Neither one of these losses was firmly based on immigration issues. Graf lost due to lack of national support, and Hayworth lost because he ran against a celebrity with name recognition, while the fence-sitters believed all the airheaded content-free nonsense spewed by the Democrats and the MSM.
You should send your thanks to the LIBnuts at the RNC. You can spread that out by offering thanks to the gaggle of harping monkey two-bit party hacks here, almost as good. They are to blame. Blackbird.
"They punished Bush by not voting for Congressional Republicans. Brilliant move there, huh?"
And history may repeat itself in a couple years.
A circus animal trainer was making his audience `ooh & ahh'. He told him he was going to ask a bull elephant chained to telephone pole if he wanted a handful of peanuts, then if he would ask him if he wanted a banana.

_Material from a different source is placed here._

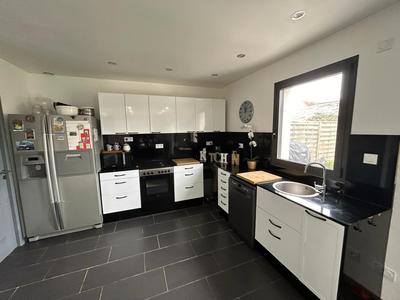 Maison - 160 m² - 8 pièces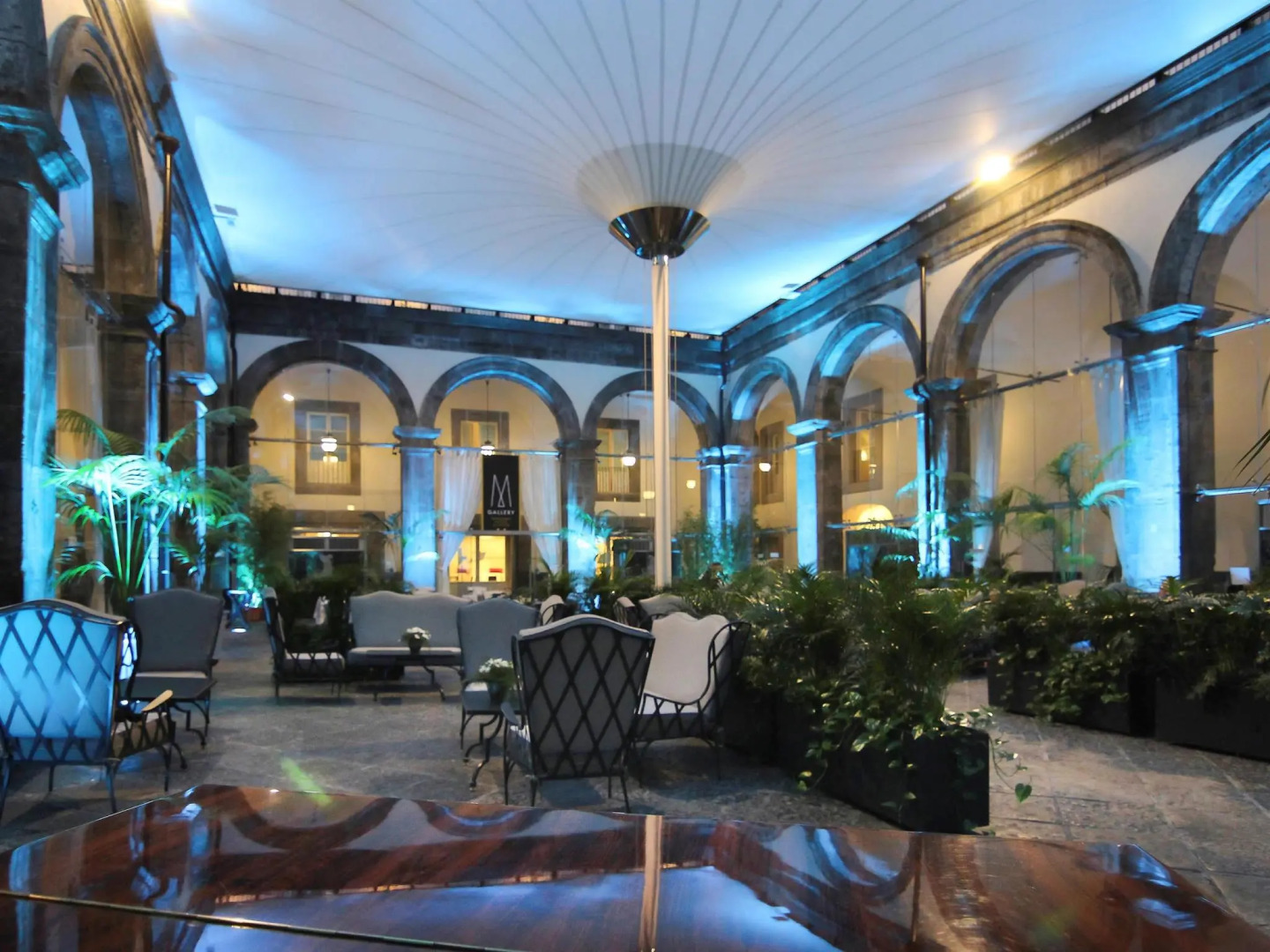 Foto - Palazzo Caracciolo Naples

The trainer whispered in the elephant's ear and the elephant nodded his head up-and-down.
Then he whispered something else and the elephant shook his head side-to-side.
After the show an impressed boy found the trainer and asked him if he was really `talking' to the elephant, and also asked him why he held two bricks in his hands while he did the act.
The trainer replied, "Just between you and me, kid, when this elephant got here, the first thing I did was slam his balls between these two bricks. The next day--as I just did during the act--all I did was ask him if he remembered me.
Then I asked him if he wanted me to do it again."
That's all there is to elections, and the `trick' works with donkeys, too.
It is to late...
We'll have this "guest worker" "amnesty" deal before the next hot summer months...
I'm hoping we can DeLay (pardon the pun, I'm a bit partial) this enough to allow this to be quelled somewhat...
But I don't see us being able to stop the pardoning of millions of people who broke our laws, and which will be a considerable boost in the democrat party voting base...
What we see now in the make up of the congress is what we'll have for a long time, if we don't lose a few more seats...
The lines I feel will be drawn at this demographic:
Large to Medium Urban enclaves = liberal voting blocks
Rural America = conservative America
I hope I am wrong...
Cha-ching.
Az. may have ousted a couple Rs but it passed some very tough anti-Illegal Alien initiatives. It's the 'Dem-Lite' GOP that turns people off. Those that stand true win, like Tancredo did.
And what did they learn from the election results? I'll tell you what they learned. The same district that gave pro-amnesty Bush a majority just turned JD Hayworth out of office.
Bush's pro-amnesty position did not depress base turnout in 2004, but the Tancredo caucus immigration agenda failed to turn out white voters the way JD, Graf, Santorum, John Hostettler and others hoped it would. It's not that their stance killed them -- it just didn't matter.
Politicians like the opponents of all of the above, can allay public fears about immigration just by lying and saying tough-sounding things about illegal immigration.
The issue is a dud. Like it or not, that's the lesson of this election.
Well, maybe I'm just dense, but I'm not sure I understand the point of your little story. Whatever it is, I think *you* are missing the point. When you "punish" Respublicans, you reward Democrats. When you reward Democrats, you punish conservatives -- and everyone else, for that matter, in the long run. So conservatives are only shooting themselves in the rear end when they try to "punish" Republicans. In other words, those conservatives who abandon the Republicans are only smashing their own balls. Get it now? If they don't learn that soon, we are all in deep trouble.
That is totally bogus. They all have safe seats -- the few that don't went down.
How many Democrats that defeated incumbent Republicans that supported H.R.4437 actually ran on a platform of support for both legalization of millions of illegal aliens, as well a path to citizenship for those illegal aliens? Not many.
Yeah, now just watch them all vote for amnesty, deny that it's amnesty, and get away with it.